- _ABOUT THIS TASK_:
What needs transcribing is the line with "PICK 3 hair" and every line after it to the end of the records, exactly and alone, with no pictures.

** SUPPLIED MATERIAL follows **

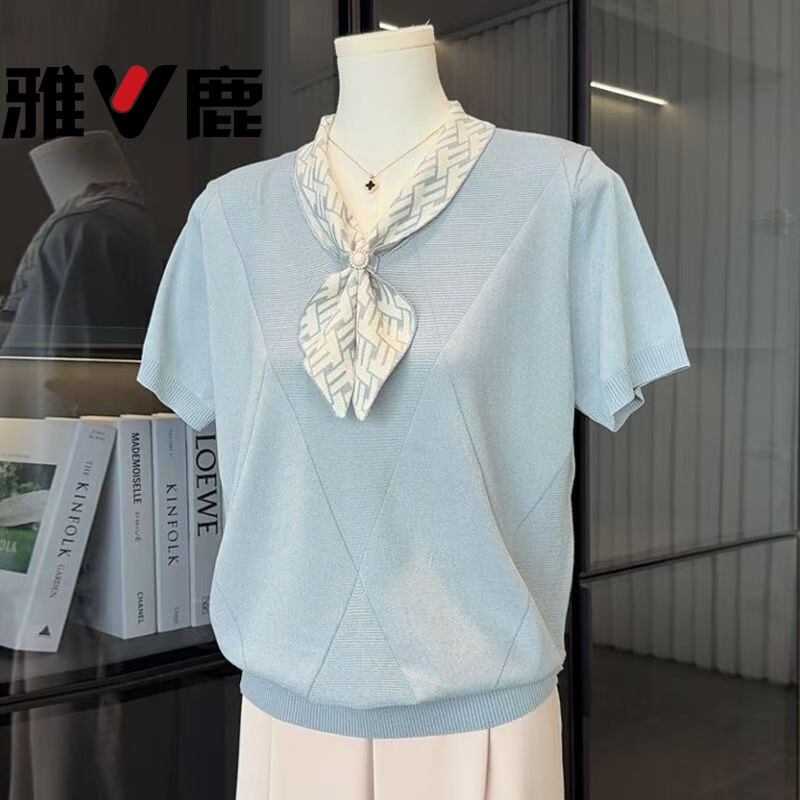 雅鹿妈妈夏装短袖冰丝上衣50岁中老年女薄款减龄T恤针织时尚套装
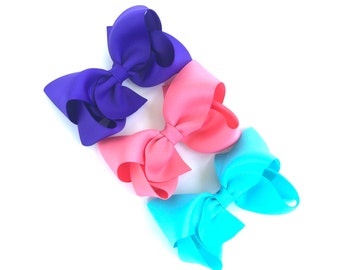 PICK 3 hair bows - hair bows, bows, hair bows for girls, baby bows, hair clips, toddler bows, boutique bows, 4 inch hair bows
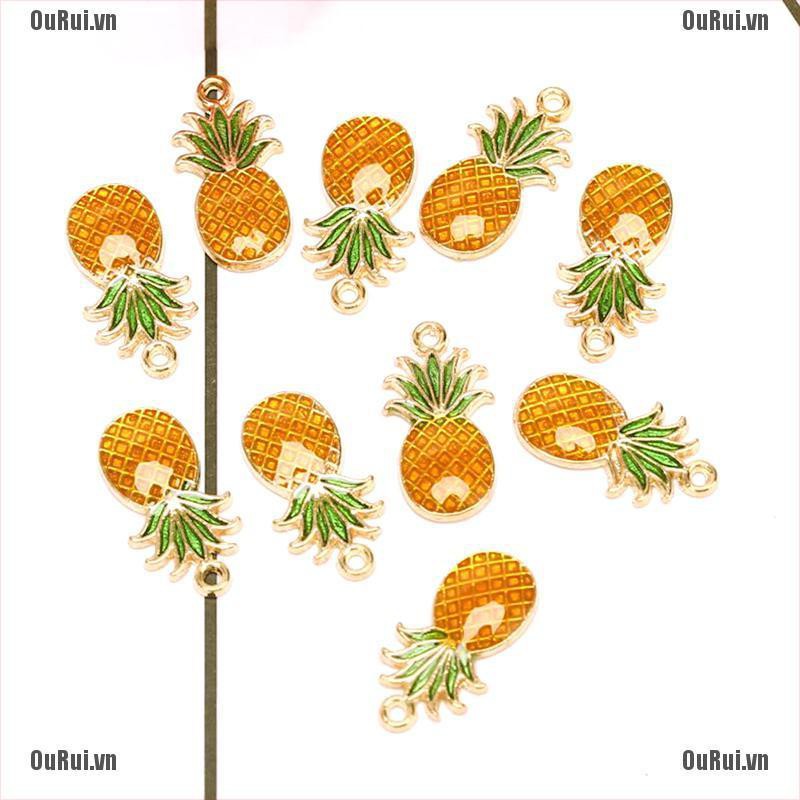 Set 10 Mặt Dây Chuyền Hợp Kim Tráng Men Hình Quả Dứa Dễ Thương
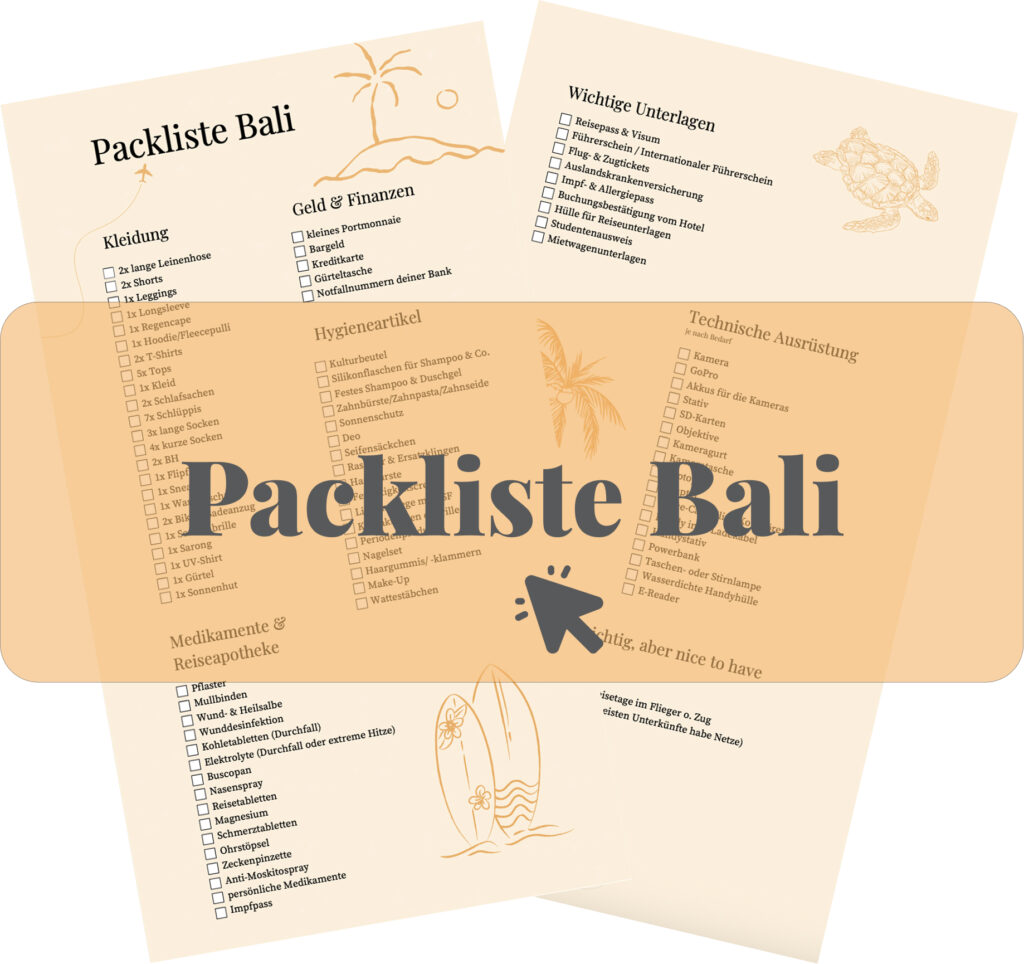 Packliste Bali zum herunterladen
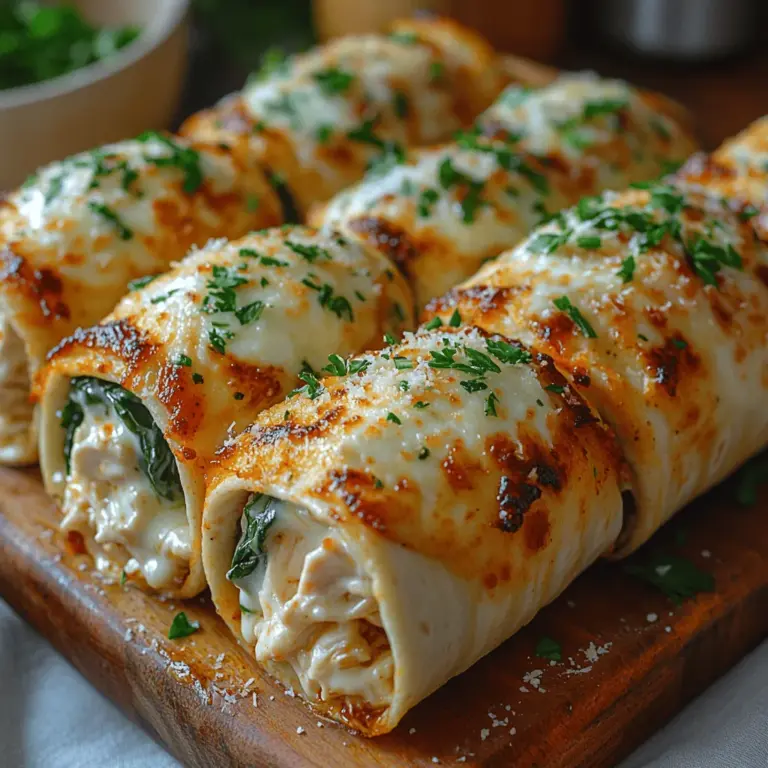 When it comes to comfort food, few dishes can rival the creamy, indulgent flavors of Chicken Alfredo. The Creamy Delight Chicken Alfredo Roll-Ups take this classic dish and elevate it into a delightful, hand-held format that’s perfect for family dinners or casual gatherings. This recipe not only showcases the rich, velvety texture of Alfredo sauce but also incorporates tender chicken and fresh ingredients, making it a wholesome choice that everyone will love.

** End of SUPPLIED MATERIAL **

- _WRITTEN ANSWER_:
 PICK 3 hair bows - hair bows, bows, hair bows for girls, baby bows, hair clips, toddler bows, boutique bows, 4 inch hair bows
 Set 10 Mặt Dây Chuyền Hợp Kim Tráng Men Hình Quả Dứa Dễ Thương
 Packliste Bali zum herunterladen
 When it comes to comfort food, few dishes can rival the creamy, indulgent flavors of Chicken Alfredo. The Creamy Delight Chicken Alfredo Roll-Ups take this classic dish and elevate it into a delightful, hand-held format that’s perfect for family dinners or casual gatherings. This recipe not only showcases the rich, velvety texture of Alfredo sauce but also incorporates tender chicken and fresh ingredients, making it a wholesome choice that everyone will love.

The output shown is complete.